Testo di Josep Fábrega Agea. Critico d’Arte e Fotografia.
Jung disse che “Noi tutti portiamo un’ombra. E meno è fusa con la vita cosciente dell’individuo, più è oscura e densa”. Alternando i termini, potremmo dire che più è fusa con la vita inconscia dell’individuo, più è chiara e leggera.
Nella sua ultima serie fotografica, Cristóbal Carretero Cassinello evoca la sua ombra, legando l’espressione subconscia della sua ombra al suo concetto di nuova street photography, come rappresentazione psicologica dell’anima dell’individuo che trasforma la pura realtà quotidiana che lo circonda. Trasforma l’ombra in un sogno, in un’espressione dell’io artistico. La realtà sociale si è trasformata in realtà onirica. Al di là dei temi del terrore, l’occulto, il misterioso, il freddo, l’ombra può acquisire una certa eleganza poetica, una complementarità della realtà o, come suggerisce Cassinello, una nuova realtà.

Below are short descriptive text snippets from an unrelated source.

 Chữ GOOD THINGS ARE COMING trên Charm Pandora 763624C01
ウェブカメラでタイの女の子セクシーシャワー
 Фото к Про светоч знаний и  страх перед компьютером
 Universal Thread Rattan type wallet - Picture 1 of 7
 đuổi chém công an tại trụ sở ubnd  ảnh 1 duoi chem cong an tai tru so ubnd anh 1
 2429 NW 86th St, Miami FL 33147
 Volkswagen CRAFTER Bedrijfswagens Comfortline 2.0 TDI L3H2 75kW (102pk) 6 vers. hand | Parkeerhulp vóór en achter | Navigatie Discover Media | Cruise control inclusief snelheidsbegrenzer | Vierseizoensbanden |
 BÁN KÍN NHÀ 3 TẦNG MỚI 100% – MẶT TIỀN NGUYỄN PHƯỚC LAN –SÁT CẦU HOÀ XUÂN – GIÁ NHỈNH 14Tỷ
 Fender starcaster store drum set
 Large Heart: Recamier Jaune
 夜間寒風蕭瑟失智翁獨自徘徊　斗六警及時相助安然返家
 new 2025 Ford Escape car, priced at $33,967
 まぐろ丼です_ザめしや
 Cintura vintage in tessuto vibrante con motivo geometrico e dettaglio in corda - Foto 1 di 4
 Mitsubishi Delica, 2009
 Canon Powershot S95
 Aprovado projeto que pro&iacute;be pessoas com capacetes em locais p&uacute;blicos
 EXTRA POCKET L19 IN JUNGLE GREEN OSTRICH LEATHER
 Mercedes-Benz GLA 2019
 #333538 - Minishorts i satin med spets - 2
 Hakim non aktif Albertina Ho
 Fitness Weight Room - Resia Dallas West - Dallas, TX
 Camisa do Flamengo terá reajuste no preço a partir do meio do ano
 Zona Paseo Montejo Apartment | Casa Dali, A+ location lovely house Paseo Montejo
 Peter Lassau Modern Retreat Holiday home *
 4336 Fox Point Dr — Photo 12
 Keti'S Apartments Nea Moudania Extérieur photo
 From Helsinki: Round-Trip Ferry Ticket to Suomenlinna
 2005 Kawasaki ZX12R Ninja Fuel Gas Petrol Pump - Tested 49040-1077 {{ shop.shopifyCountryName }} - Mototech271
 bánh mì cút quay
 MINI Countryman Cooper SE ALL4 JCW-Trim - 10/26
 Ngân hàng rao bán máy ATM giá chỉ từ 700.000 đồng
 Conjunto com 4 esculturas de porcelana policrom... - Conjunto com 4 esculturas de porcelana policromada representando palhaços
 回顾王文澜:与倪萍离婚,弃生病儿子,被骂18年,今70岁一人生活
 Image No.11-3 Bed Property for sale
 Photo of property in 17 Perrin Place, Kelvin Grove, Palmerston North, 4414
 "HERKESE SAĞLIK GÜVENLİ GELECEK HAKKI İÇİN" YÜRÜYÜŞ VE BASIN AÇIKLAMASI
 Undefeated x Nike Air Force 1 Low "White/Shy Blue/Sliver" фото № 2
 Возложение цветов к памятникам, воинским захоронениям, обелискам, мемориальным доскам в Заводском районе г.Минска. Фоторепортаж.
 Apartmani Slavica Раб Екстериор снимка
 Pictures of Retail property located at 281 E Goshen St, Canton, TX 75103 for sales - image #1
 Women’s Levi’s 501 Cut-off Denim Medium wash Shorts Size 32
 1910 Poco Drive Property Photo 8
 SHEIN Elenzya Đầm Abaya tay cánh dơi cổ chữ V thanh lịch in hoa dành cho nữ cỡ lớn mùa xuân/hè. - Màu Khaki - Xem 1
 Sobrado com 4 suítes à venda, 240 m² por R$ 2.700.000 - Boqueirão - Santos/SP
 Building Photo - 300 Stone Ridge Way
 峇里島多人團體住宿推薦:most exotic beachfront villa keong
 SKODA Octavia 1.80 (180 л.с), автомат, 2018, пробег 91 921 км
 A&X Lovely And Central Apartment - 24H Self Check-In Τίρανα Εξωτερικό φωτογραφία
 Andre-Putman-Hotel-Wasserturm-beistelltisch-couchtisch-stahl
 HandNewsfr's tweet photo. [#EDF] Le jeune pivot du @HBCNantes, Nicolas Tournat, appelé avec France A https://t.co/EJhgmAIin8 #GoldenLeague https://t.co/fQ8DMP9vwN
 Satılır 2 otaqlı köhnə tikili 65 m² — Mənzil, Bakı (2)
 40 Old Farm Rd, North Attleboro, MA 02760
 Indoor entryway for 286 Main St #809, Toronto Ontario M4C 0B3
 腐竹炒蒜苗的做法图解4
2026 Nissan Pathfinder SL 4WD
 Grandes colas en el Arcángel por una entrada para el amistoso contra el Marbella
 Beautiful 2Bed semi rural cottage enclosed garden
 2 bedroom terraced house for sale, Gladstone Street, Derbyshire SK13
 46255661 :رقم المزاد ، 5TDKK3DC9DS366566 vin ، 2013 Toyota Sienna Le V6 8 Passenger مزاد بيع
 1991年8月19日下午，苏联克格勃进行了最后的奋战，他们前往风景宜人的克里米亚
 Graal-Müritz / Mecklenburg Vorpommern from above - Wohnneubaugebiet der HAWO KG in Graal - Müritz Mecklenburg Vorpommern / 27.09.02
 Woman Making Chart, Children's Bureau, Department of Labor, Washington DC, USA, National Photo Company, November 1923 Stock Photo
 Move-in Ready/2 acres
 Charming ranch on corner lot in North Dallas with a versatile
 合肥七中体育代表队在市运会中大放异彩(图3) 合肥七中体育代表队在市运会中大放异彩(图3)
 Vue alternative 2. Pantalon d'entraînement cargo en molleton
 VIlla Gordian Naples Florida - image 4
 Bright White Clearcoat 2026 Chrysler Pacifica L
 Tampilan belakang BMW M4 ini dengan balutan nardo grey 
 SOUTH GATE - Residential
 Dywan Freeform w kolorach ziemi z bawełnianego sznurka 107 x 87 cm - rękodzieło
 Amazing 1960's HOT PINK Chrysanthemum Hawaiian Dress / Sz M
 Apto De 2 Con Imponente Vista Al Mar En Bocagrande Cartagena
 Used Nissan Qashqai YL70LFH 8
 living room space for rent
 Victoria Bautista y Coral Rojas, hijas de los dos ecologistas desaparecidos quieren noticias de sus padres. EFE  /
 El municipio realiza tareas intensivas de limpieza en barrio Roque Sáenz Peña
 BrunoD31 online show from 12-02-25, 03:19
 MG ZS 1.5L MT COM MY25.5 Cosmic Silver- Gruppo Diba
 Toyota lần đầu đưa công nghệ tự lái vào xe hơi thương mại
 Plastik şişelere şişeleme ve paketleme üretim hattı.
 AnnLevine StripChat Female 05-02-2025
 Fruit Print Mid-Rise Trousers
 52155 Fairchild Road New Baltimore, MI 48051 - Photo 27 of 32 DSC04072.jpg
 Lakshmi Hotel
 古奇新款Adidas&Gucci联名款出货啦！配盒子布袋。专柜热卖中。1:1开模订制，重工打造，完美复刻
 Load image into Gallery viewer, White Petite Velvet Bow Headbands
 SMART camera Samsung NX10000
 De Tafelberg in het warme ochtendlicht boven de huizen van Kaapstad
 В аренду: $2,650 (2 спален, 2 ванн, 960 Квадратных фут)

Il fotografo proietta la sua luce creativa davanti a una scena quotidiana il cui protagonista è l’ombra in un modo insolito o inaspettato che sfida l’osservatore della fotografia ad evocare stati psicologici dell’individuo: come la paura di perdere la propria anima e identità, l’adattamento al cambiamento l’evoluzione dell’essere umano, la sensazione di invisibilità del fotografo o la lotta per recuperare l’identità e il territorio dell’individuo. L’oscurità incorniciata dall’artista è la sua ricchezza, ciò che fino ad allora era l’invisibilità è ora un simbolismo poetico.
Cassinello ha un appuntamento con la sua ombra e in quell’appuntamento l’ombra rivela sempre qualcosa che interessa lo spettatore che gli fa interrogare il reale e il fittizio, il concreto e il simbolico. L’universo e la nostra vita hanno un significato non così chiaro come potremmo credere, una verità che può essere compresa solo in una sorta di trascrizione macroscopica di ciò che si osserva e si vive, in una decifrazione di oggetti ed esseri. Il fotografo decifra il quotidiano con libertà infantile e primitiva. In questo senso di primitivismo, ricordiamo che i Dogon del Mali credono che l’essere umano esista attraverso l’unione di un’ombra con il suo corpo e che la morte non sarà altro che la separazione di entrambi.
Siamo abituati all’interpretazione occidentale della realtà, alla sua interpretazione basata sulla fisica di Newton, ma l’arte non è fisica, la fotografia può fermare il tempo, ridimensionare lo spazio, farci tornare bambini oa un primitivismo ingenuo. Ed è innegabile che c’è un altro simbolo chiuso nell’ombra, un simbolo centrale nella cultura occidentale: l’assenza della realtà, il degrado della realtà. Forse Cassinello ci propone se la realtà apparente non sia altro che un degrado dell’ombra poetica che ci mostra.